O que você precisa ter na ponta da língua

A AET (Autorização Especial de Trânsito) é o documento que libera a circulação de veículos ou combinações de veículos que excedem os limites de peso e dimensões do CONTRAN. Em rodovias federais, quem emite é o DNIT, pelo sistema SIAET (siaet.dnit.gov.br). A AET vale para carga indivisível ou dimensão excedente, está sempre ligada a um veículo, a um percurso e a uma validade, e precisa conversar com o MDF-e de cada viagem. Renovar a tempo e manter a placa, o percurso e o peso coerentes entre a AET e o MDF-e é o que evita o caminhão parado na fiscalização.

Se a sua operação faz transporte de máquinas, peças superdimensionadas, equipamentos ou qualquer carga que estoure os limites de peso e medida, a AET deixa de ser detalhe burocrático e passa a ser condição para rodar. E como a maioria das AET tem validade limitada, em 2026 a palavra-chave é renovação: deixar vencer significa carga parada, prazo perdido e risco de autuação.

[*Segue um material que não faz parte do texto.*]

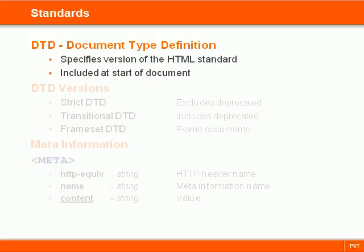Every document should begin with a reference to a document type definition. This definition declares which version of the HTML standard that the document follows. All browsers have default definitions so we don't have to declare one, but to be standard compliant it is recommended.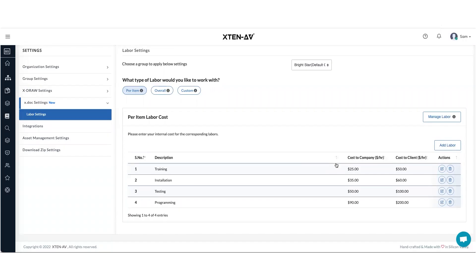Hello and welcome. In this video, we're going to talk about all the different types of labor methods which you can work in xDoc or X10AV.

Este guia organiza, passo a passo, quem precisa da AET, como renovar pelo SIAET e — o ponto que mais trava na estrada — como casar a AET com o MDF-e para que a fiscalização confirme que aquele transporte excedente está autorizado.

O Que É a AET e Quem Precisa

A AET é o documento expedido pelo órgão com jurisdição sobre a via — o DNIT nas rodovias federais e o DER de cada estado nas rodovias estaduais — para autorizar a circulação de veículo ou combinação de veículos que não se enquadra nos limites de peso e dimensões definidos pelo CONTRAN. É a base legal para o transporte especial circular sem ficar irregular.

Carga indivisível e dimensão excedente

A AET vale para carga indivisível, ou seja, aquela que não pode ser fracionada sem perda de valor, dano ou descaracterização — um transformador, uma turbina, uma viga, uma máquina de grande porte. Também ampara o veículo ou combinação que excede dimensões (comprimento, largura ou altura) ou peso. O que não tem direito à AET é a carga divisível em excesso: se a mercadoria pode ser separada em mais viagens ou redistribuída entre eixos, a saída é ajustar o carregamento, não pedir autorização especial.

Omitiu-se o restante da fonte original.